Then there’s the flabbergasting pollination process. I won’t explain it in too much detail (you can find out more here). But suffice to say that pollination is via a specific flying insect, like a tiny wasp, that flies from the male fig fruit through a tiny hole into the female fruit. Farmers typically hang male fruit in the female trees to aid this process.
Out in the orchards, grower Halil Ayaz tells me that he can smell when his female trees are ready to be pollinated. He’s picking the trees with his wife Ayse using special hooked sticks to pull down the higher branches.
We visit a small village nearby, where the growers deliver consignments of fresh figs to satellite purchasing stations, where the figs are preliminary graded.
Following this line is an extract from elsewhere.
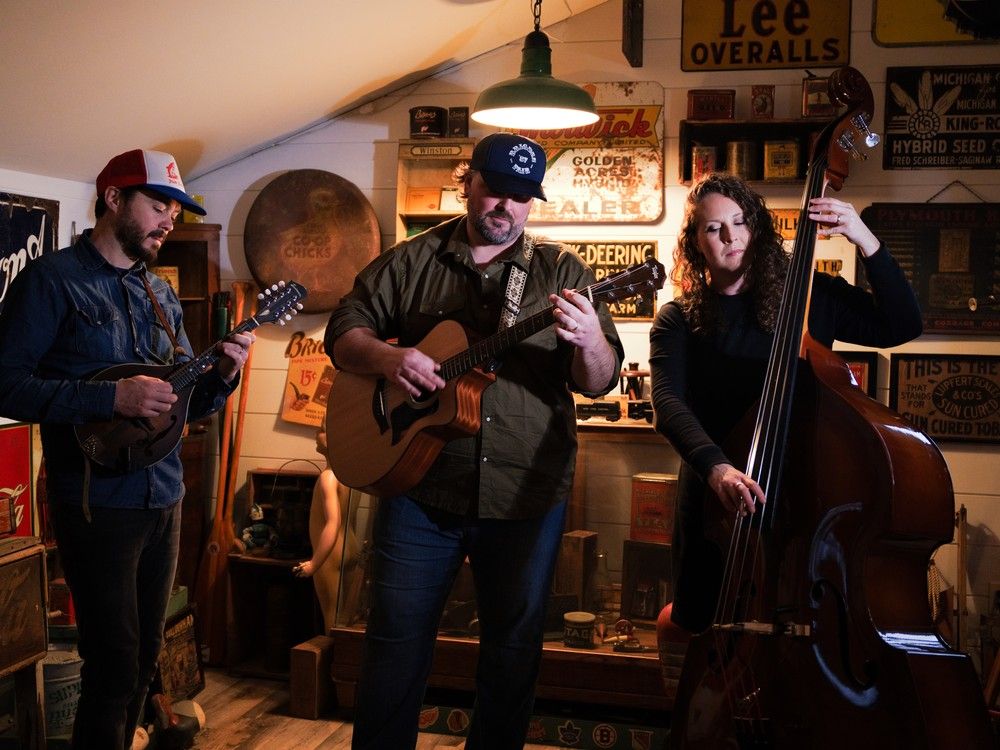 The roots of a Sarnia trio’s new single trace back to something the guitarist’s father-in-law says often.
This is a picture of grower Hakan Turan dropping off a harvest:
Alara has six main stations around Bursa, which feed the main packing house – the most technologically advanced in the country. State-of-the-art lines process up to 100 tonnes of figs per day.
In the village purchasing house, figs are selected for size, quality and ripeness, with any rejects returned to the grower to sell on the domestic market.
In the main pack house, figs are packed for a wide range of customers – including wholesalers at the market and nearly all the major supermarkets here in Britain.
“We are a step ahead of the other exporters,” says Hakan Gazi, Quality Systems Manager for the company.
Innovations include a quality control system in the pack house which sends on line and real-time assessments of each consignment, which are then sent electronically back to the managers at the purchasing stations.
Sensitech temperature records – digital “spies” – are installed in three locations in their trucks sending temperature readings every two hours by satellite.
The future for Bursa Black Figs looks rosy. But there are challenges ahead.
In the years ahead, it is likely that production in the Bursa region will need to rise to keep up with global demand.
So what next? “When we try and adapt [the Bursa black fig] to other regions we are not having the same success,” explains Gazi, referring to the unique topographical features of the area.
But companies such as Alanar, one of Alara’s competitors, have been investing heavily in piloting new orchards in other regions of the country.
"Maybe in less than ten years China will be ready for Turkish figs – can you just imagine the demand?" says Hamdi Taner, General Manager at the company.
If companies such as Alanar succeed in producing quality black figs elsewhere, often early or late varieties, this will at least ease the pressure on the Bursa region – but the fruits will never have the same status as the Bursa Black Fig, which is a patented name.
"It’s like a diamond, really – it is a very good product," says Taner. These black figs are truly a remarkable fruit. And now is the time to catch them before the season ends.